◆ **Provided data**
= = = = =

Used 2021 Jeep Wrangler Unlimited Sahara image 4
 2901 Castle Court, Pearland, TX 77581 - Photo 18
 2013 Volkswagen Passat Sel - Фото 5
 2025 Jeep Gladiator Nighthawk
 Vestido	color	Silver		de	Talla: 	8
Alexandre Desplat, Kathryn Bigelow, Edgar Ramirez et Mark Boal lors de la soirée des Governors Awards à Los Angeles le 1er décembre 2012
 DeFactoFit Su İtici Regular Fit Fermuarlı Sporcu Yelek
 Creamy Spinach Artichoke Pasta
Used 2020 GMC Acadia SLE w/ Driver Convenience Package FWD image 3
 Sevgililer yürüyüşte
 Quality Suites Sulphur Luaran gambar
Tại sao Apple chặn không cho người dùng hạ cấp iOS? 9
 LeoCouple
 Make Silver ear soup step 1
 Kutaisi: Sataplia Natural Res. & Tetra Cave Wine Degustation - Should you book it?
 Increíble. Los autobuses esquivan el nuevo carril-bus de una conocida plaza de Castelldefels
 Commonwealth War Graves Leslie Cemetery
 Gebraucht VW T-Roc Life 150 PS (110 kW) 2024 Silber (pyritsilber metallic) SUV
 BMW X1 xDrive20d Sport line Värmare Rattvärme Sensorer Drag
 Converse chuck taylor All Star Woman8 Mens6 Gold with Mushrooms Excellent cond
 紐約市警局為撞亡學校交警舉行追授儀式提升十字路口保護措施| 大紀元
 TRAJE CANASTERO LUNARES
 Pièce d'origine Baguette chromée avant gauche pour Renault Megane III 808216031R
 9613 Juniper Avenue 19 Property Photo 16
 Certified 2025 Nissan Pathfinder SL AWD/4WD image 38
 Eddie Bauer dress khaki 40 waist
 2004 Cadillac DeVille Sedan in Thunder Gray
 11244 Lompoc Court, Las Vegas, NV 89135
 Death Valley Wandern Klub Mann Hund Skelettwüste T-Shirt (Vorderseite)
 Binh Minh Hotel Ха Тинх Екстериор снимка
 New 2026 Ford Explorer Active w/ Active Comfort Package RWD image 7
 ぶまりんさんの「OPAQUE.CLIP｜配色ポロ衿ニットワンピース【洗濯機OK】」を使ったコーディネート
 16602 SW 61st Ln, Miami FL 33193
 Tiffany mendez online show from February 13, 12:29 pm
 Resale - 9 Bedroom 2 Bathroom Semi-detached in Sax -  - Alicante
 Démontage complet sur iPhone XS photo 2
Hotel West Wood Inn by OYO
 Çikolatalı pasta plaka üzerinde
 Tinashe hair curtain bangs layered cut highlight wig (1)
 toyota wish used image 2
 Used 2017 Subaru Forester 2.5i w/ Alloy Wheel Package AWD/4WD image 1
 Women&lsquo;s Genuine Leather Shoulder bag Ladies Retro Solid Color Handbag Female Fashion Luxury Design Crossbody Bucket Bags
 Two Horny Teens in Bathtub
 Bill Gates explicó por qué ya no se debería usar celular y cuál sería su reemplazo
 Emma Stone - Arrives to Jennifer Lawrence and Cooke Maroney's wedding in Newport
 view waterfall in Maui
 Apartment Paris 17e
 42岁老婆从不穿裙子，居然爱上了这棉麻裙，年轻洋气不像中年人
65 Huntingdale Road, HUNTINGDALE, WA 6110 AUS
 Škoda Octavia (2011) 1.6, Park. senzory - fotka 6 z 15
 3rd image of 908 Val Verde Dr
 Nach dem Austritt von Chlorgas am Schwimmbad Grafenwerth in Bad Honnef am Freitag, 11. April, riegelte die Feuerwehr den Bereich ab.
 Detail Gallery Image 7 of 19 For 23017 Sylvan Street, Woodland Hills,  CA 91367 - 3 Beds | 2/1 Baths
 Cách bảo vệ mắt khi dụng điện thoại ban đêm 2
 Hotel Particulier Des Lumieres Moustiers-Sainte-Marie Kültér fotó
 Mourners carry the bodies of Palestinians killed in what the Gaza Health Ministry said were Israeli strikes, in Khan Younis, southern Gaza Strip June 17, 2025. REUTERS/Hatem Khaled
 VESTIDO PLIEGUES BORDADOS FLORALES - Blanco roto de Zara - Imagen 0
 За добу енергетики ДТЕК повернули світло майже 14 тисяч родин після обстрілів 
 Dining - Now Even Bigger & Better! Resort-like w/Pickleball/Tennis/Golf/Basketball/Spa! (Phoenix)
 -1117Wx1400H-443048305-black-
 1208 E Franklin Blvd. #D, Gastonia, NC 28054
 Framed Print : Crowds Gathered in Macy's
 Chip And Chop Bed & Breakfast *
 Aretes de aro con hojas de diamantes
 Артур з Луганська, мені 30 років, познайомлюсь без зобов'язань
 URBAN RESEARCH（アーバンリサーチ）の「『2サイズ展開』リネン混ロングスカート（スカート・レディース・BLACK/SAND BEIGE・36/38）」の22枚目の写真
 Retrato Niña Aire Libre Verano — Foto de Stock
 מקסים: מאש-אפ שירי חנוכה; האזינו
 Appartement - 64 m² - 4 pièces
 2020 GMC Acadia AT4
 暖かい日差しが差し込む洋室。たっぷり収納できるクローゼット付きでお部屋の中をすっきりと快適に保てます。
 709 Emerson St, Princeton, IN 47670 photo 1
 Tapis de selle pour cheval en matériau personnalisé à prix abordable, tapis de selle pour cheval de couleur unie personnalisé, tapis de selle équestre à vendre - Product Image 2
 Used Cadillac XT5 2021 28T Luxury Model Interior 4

= = = = =

◆ **Your task**
Please return only the lines from the one that contains "VESTIDO PLIEGUES BORDADOS" through the final line of the entries, each exactly as written.

◆ **Answer to this problem**
 VESTIDO PLIEGUES BORDADOS FLORALES - Blanco roto de Zara - Imagen 0
 За добу енергетики ДТЕК повернули світло майже 14 тисяч родин після обстрілів 
 Dining - Now Even Bigger & Better! Resort-like w/Pickleball/Tennis/Golf/Basketball/Spa! (Phoenix)
 -1117Wx1400H-443048305-black-
 1208 E Franklin Blvd. #D, Gastonia, NC 28054
 Framed Print : Crowds Gathered in Macy's
 Chip And Chop Bed & Breakfast *
 Aretes de aro con hojas de diamantes
 Артур з Луганська, мені 30 років, познайомлюсь без зобов'язань
 URBAN RESEARCH（アーバンリサーチ）の「『2サイズ展開』リネン混ロングスカート（スカート・レディース・BLACK/SAND BEIGE・36/38）」の22枚目の写真
 Retrato Niña Aire Libre Verano — Foto de Stock
 מקסים: מאש-אפ שירי חנוכה; האזינו
 Appartement - 64 m² - 4 pièces
 2020 GMC Acadia AT4
 暖かい日差しが差し込む洋室。たっぷり収納できるクローゼット付きでお部屋の中をすっきりと快適に保てます。
 709 Emerson St, Princeton, IN 47670 photo 1
 Tapis de selle pour cheval en matériau personnalisé à prix abordable, tapis de selle pour cheval de couleur unie personnalisé, tapis de selle équestre à vendre - Product Image 2
 Used Cadillac XT5 2021 28T Luxury Model Interior 4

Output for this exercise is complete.